++++ MATERIAL FOR THE TASK

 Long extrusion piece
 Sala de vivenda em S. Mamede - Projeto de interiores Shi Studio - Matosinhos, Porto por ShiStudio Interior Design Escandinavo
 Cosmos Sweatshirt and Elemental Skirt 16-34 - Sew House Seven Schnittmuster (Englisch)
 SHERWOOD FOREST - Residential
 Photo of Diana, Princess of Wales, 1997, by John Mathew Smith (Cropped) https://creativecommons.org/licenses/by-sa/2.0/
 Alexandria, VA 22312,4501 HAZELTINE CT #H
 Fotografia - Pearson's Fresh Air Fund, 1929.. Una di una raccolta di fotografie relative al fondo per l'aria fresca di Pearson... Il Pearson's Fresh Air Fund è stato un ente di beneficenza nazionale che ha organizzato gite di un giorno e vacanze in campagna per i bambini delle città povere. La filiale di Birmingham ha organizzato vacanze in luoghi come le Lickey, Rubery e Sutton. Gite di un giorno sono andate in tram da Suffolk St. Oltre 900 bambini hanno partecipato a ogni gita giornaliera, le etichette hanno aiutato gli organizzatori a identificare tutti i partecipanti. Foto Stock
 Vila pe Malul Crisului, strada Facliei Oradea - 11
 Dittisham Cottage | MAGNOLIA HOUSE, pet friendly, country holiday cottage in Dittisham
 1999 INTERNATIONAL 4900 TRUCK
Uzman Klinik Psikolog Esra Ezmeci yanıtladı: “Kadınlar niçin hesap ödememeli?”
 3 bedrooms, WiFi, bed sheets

++++++++

_WHAT YOU HAVE TO DO_. Copy exactly the line containing "Dittisham Cottage |" and each line after it through the end of the records above.

_EXPECTED ANSWER_.
 Dittisham Cottage | MAGNOLIA HOUSE, pet friendly, country holiday cottage in Dittisham
 1999 INTERNATIONAL 4900 TRUCK
Uzman Klinik Psikolog Esra Ezmeci yanıtladı: “Kadınlar niçin hesap ödememeli?”
 3 bedrooms, WiFi, bed sheets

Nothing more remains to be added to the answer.